- Directed by: R. William Neill
- Written by: Russell Hickson
- Produced by: Herbert T. Kalmus
- Starring: Agnes Ayres George Irving Otto Matieson
- Cinematography: George Cave
- Edited by: Aubrey Scotto
- Production companies: Metro-Goldwyn-Mayer Technicolor Corporation
- Distributed by: Metro-Goldwyn-Mayer
- Release date: January 21, 1928;
- Country: United States
- Languages: Silent, English Intertitles
- Budget: $23,169.28

= The Lady of Victories =

1928 film

The Lady of Victories is a 1928 MGM silent fictionalized film short in two-color Technicolor. It was the third short film produced as part of Metro-Goldwyn-Mayer's "Great Events" series.

==Production==
The film began production at the Tec-Art Studio in Hollywood on November 21, 1927, and wrapped on November 26. It was the first of the "Great Events" shorts to credit Andre Chotin art director.
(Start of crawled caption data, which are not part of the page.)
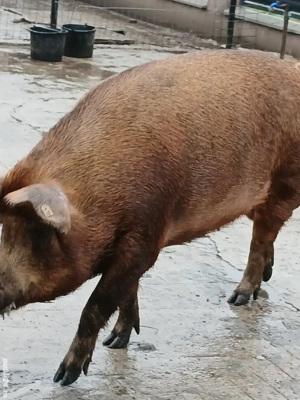 Purcele de vanzare  - imagine 2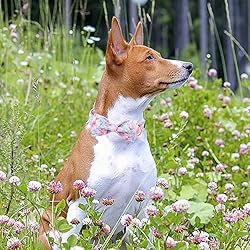 MR. CHUBBYFACE Ink Style Flower Dog Collar with Bow
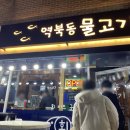 역북동물고기 이미지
The production featured some of experimental nighttime exterior scenes, a risky artistic and technical undertaking at the time, because of the amount of light needed for proper exposure on Technicolor's film stock.

==Release==
The film accompanied the Charlie Chaplin silent feature The Circus (1928 film) in many theaters during its initial release.

==Preservation Status==
The Lady of Victories has been partially preserved, with 1,000 foot fragments preserved by EYE Film Institute, the George Eastman House, and the UCLA Film and Television Archive.